I've been starting to add sunflower seeds to my low fat, low sugar yogurt. Out of curiosity, I looked up the calorie count in them, and was shocked to find out that 1/4 cup (which is hardly anything) comes to 186 calories. Yikes. 

I like to snack on nuts instead of sugary, fatty stuff. I did kind of know that they were high calorie, but I didn't realize how high. One-fourth cup of almonds is 206 calories (I mostly don't even eat that much more at breakfast) walnuts, 183 calories, and peanuts, 206 calories. It's easy to eat 1/4 cup of anything if you're not careful. 

I know nuts have heart-healthy fats, but you've go to be careful with them, I sadly learned.


----------



## Don M. (Mar 1, 2018)

I've had the sunflower seed "habit" for years.  I always keep a cup by the computer, and munch on them frequently....But, I buy the regular seeds (with shells), so I spend far more time crunching the shell, than I do eating the seed.  That way, I get the pleasure of a small handful of seeds, without overdoing it.


----------



## Ruth n Jersey (Mar 1, 2018)

I do the same as Don M.,I buy with the shells. I also do that with pumpkin seeds. I love unsweetened dried fruit and was eating that like crazy until I saw the calorie count. Even raisins are loaded. Sometimes I think I'll chew the bark off my apple tree.
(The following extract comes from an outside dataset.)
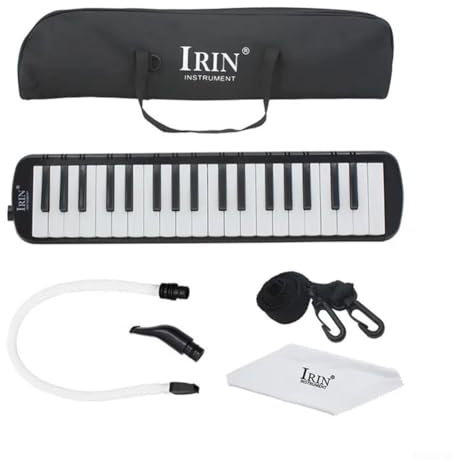Leicht zu transportierende Melodica mit 37 Tasten und einer kompakten Tasche, ideal für Anfänger und Musikliebhaber, Schwarz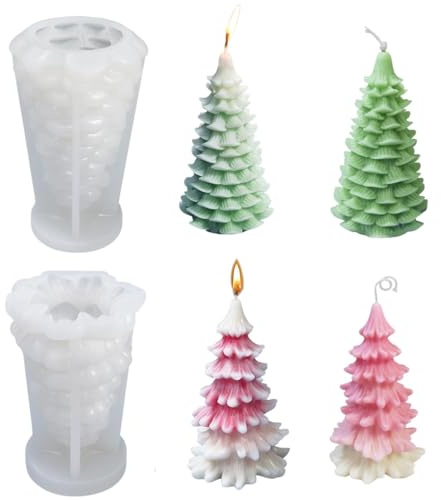 2 Moules en Silicone Sapin de Noël, Coulée de Bougies DIY et Décorations pour l’Automne et Noël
I bet even that has calories.


----------



## chic (Mar 2, 2018)

Seeds and nuts are high in fat content which makes them high cal. as well.


----------



## Mizzkitt (Mar 2, 2018)

I never realized they were that high in calories, no wonder the chipmunks I was feeding them to need to go on a diet.
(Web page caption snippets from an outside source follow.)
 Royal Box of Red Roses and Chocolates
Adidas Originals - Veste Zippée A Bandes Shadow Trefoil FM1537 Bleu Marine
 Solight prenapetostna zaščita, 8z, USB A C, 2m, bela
I do like them toasted myself and tossed in a salad.


----------



## fmdog44 (Mar 2, 2018)

When God created the universe it was based on everything that is yummy is bad for you. This the one, single truth of all religions.


----------



## James (Mar 2, 2018)

I have a small helping of walnuts, sesame seeds, pumpkin seeds each day.  Yeah you have to watch it.


----------



## JimW (Mar 2, 2018)

Everything in moderation is the way to go. No matter how good something is for you like fruits and nuts, they all have downsides like high fat and sugar contents or high calorie counts when consumed in any quantities. My wife and I try to keep our daily calorie intake at 1500 or under for the most part with Sat night being our cheat night when we go out for dinner and eat a meal of anything we want. This works very well for us in both maintaining and losing weight when we need to. In that 1500cals we try to keep it as healthy as possible with a mix of fruits and veggies along with lean meats. Sure we have our times when we just say "screw it", and eat whatever we want on vacation for a week or two or during the holidays, but after that we try to get right back on the 1500 cals a day program. We also exercise every mornng for 45 mins including 30mins on the treadmill. Then at night we walk our dogs for 30-45 mins as well.
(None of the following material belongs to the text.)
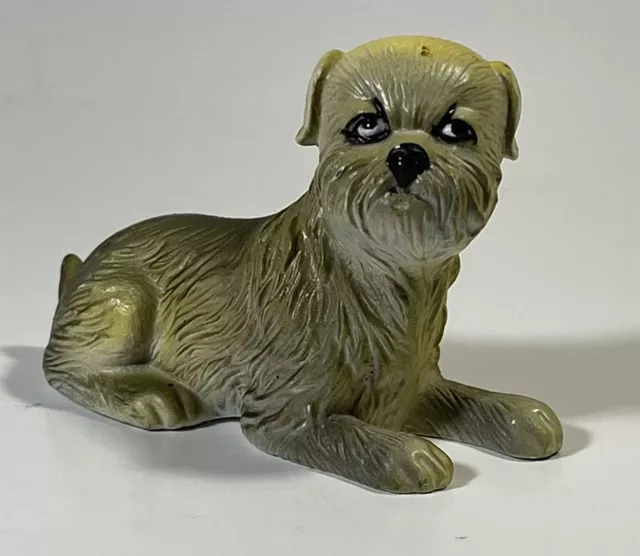 Vintage Miniature New-Ray Rubber Plastic Griffon Bruxellois Dog Figurine 3”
It wasn't too long ago that I could easily eat 2000cals a day or more and still lose weight, but old man syndrome has started to take affect and my metabolism isn't what it used to be.


----------



## RiverUp (Mar 2, 2018)

fmdog44 said:


> When God created the universe it was based on everything that is yummy is bad for you. This the one, single truth of all religions.



Of course you are right.


----------



## Camper6 (Mar 2, 2018)

Snack on non sugar coated cereal. Cheerios for me. The fibre helps.


----------